June 13th, 2014 by Mark Rittman
All week I’ve been looking at what’s involved in moving data around Hadoop on the Oracle Big Data Appliance, using ODI12c to orchestrate the end-to-end process. Using web log data from the Rittman Mead website, I first landed the log data on HDFS using Apache Flume, then transformed the data in several stages using Hive transformations built using ODI mappings and knowledge modules. The links below give the previous articles in this series, where you can read how I transformed data using Hive, Sqoop and Python streaming:
- End-to-End ODI12c ETL on Oracle Big Data Appliance Pt.1 : Flume to Initial Hive Table
- End-to-End ODI12c ETL on Oracle Big Data Appliance Pt.2 : Hive Table Joins, Aggregation and Loading
- End-to-End ODI12c ETL on Oracle Big Data Appliance Pt.3 : Enhance with Oracle Reference Data via Sqoop, and CKMs
- End-to-End ODI12c ETL on Oracle Big Data Appliance Pt.4 : Transforming Data using Python & Hive Streaming
- End-to-End ODI12c ETL on Oracle Big Data Appliance Pt.5 : Bulk Unload to Oracle
At the end of all these ODI12c transformations, I’m left with a Hive table containing summarised web page accesses, enhanced with reference data on the page title and author, and with the entries geocoded with the name of the country associated with the page access. In many cases, this is where I’d leave the data, but quite often it’d be useful to then export the data out of Hadoop and into an Oracle database, so that I could load it into a data warehouse, or analyse it using a richer SQL dialect than I can get with HiveQL. I could use Sqoop to get the data out of Hive and into Oracle, but for larger exports in particular I’d get better unload performance by using Oracle Loader for Hadoop, one of the Oracle Big Data Connectors that typically come with Oracle Big Data Appliance.
There’s actually two Oracle Big Data Connectors that deal with getting data out of Hadoop and into Oracle; Oracle Direct Connector for HDFS (ODCH) gives you the ability to define an Oracle Database External Table over a HDFS file or Hive table, and is useful if you just want to access the data in Hadoop without actually loading it into an Oracle Database.

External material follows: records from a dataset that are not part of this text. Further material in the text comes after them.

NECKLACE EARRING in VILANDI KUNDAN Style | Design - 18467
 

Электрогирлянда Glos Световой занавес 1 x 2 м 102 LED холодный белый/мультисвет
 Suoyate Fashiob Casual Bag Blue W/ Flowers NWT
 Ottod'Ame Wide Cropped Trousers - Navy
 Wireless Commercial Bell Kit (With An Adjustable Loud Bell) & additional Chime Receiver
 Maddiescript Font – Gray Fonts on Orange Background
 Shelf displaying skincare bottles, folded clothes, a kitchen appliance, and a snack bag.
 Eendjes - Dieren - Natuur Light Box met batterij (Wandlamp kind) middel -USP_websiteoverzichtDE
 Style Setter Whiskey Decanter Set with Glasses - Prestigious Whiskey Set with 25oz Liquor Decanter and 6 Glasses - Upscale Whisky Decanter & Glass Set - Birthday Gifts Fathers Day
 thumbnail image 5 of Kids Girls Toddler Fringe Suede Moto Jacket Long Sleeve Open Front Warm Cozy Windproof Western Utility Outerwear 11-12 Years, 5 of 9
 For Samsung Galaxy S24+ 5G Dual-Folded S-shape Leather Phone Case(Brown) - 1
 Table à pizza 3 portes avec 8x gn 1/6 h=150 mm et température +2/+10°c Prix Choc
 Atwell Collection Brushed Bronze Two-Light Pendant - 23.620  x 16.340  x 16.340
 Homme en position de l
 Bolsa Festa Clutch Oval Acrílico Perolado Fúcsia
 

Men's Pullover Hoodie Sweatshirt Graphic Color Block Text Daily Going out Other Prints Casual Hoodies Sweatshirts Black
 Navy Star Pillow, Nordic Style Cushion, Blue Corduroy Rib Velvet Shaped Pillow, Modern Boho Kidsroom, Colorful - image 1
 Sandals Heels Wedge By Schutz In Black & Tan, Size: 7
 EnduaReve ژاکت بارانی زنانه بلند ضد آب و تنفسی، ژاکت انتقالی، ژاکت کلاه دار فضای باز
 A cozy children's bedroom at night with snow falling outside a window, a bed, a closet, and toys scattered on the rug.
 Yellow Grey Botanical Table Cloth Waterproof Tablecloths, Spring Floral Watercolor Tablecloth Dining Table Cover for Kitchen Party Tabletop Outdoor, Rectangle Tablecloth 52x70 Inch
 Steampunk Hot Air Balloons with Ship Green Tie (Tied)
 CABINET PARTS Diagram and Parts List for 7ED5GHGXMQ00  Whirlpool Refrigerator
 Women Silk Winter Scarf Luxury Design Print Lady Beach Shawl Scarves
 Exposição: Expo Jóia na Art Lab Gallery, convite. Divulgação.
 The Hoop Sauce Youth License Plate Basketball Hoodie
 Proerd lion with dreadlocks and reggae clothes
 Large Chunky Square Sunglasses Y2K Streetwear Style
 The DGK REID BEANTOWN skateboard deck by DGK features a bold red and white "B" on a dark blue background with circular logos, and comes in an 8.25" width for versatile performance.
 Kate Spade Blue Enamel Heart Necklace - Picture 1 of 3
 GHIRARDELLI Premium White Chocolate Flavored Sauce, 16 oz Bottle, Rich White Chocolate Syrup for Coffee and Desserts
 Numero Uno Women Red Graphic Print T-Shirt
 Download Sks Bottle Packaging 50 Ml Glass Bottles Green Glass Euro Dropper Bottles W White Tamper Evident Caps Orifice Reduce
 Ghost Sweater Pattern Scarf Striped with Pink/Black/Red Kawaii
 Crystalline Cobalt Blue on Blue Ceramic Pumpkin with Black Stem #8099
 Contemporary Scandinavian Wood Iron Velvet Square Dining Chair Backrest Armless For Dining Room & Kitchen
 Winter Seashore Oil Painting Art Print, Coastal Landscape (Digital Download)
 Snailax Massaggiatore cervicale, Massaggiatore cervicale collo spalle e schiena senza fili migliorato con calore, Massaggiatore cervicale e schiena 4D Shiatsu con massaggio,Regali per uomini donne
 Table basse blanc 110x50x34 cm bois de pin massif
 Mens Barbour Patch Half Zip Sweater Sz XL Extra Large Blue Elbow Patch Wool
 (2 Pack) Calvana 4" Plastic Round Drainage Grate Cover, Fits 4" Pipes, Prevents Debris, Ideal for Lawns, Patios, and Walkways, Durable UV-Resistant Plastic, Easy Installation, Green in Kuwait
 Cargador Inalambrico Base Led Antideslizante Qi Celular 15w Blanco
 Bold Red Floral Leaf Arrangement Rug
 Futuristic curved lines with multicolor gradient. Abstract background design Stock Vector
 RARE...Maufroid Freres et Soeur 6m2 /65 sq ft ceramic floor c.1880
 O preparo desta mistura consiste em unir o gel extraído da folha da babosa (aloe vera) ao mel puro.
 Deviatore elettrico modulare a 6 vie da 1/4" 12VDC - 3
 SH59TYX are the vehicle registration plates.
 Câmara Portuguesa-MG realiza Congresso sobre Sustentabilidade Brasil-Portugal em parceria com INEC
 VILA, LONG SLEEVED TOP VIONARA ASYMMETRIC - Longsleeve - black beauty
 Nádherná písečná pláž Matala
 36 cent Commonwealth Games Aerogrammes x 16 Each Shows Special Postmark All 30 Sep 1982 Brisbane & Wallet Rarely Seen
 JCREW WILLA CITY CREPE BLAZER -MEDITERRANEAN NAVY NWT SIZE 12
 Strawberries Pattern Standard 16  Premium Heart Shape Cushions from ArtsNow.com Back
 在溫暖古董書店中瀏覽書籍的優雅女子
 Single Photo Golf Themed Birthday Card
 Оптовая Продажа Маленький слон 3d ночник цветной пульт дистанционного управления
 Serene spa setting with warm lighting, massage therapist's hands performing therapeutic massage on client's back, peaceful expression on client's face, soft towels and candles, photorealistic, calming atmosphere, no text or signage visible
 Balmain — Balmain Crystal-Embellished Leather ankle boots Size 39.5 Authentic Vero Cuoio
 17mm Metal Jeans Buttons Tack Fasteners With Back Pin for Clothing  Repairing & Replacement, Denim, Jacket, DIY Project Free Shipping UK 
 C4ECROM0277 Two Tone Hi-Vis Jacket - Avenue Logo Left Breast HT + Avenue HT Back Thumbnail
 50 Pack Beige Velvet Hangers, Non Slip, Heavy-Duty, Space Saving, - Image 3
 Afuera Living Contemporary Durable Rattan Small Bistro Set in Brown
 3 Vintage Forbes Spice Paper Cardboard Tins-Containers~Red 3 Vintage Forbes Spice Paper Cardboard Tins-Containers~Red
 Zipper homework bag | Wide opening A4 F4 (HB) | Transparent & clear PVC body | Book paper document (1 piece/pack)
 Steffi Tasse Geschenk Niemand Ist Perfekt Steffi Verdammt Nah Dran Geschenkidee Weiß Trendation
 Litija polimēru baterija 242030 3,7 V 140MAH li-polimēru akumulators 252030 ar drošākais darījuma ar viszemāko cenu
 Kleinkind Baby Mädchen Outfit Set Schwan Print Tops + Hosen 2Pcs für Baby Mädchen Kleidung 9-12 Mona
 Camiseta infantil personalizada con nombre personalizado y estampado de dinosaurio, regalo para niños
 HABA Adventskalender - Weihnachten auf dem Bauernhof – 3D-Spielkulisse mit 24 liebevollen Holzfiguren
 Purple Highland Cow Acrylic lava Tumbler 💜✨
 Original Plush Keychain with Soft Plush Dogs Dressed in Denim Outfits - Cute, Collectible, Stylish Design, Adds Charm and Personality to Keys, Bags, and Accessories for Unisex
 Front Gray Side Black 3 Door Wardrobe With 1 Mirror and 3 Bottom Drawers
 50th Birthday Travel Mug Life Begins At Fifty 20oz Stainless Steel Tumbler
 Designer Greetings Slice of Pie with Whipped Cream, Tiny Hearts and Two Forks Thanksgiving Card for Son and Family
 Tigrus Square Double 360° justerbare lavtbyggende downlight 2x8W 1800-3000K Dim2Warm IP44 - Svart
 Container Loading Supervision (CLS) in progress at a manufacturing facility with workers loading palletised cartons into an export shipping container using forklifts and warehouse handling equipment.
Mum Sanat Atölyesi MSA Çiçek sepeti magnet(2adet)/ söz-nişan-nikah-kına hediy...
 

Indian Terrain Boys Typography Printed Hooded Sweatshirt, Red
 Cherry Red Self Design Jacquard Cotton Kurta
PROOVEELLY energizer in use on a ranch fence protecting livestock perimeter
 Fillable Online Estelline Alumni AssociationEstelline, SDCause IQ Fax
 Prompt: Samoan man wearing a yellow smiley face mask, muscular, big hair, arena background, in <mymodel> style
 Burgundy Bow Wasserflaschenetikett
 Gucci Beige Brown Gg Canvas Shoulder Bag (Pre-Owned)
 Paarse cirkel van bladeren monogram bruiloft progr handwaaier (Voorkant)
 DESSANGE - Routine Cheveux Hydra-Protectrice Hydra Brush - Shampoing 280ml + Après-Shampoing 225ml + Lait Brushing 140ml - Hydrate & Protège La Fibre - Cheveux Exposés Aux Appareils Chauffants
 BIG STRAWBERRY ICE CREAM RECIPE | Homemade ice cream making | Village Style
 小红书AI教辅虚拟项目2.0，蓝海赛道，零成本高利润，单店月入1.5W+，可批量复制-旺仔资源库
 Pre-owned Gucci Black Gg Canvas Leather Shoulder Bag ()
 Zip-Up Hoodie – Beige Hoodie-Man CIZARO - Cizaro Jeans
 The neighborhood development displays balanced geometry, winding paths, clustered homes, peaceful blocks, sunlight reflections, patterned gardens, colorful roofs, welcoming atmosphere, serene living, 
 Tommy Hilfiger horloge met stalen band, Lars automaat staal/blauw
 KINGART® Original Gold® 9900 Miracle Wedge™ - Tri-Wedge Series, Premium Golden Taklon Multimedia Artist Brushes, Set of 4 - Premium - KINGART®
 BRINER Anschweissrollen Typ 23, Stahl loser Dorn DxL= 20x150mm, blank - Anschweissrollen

The way ODCH works is that it adds a special type of adapter to the external table feature in Oracle Database, that gives the database the ability to stream HDFS files in a similar way to how external tables stream regular file data into the database. This makes ODCH very convenient if you just want access to HDFS or Hive data from an Oracle database, but it suffers from the same performance penalty as regular external flat file access, in that you can’t index the table and so forth; so if you want high-performance access to data held in a Hadoop system, and you need this access more than just occasionally, you’re better off copying the data right into the Oracle database, and this is where Oracle Loader for Hadoop comes in.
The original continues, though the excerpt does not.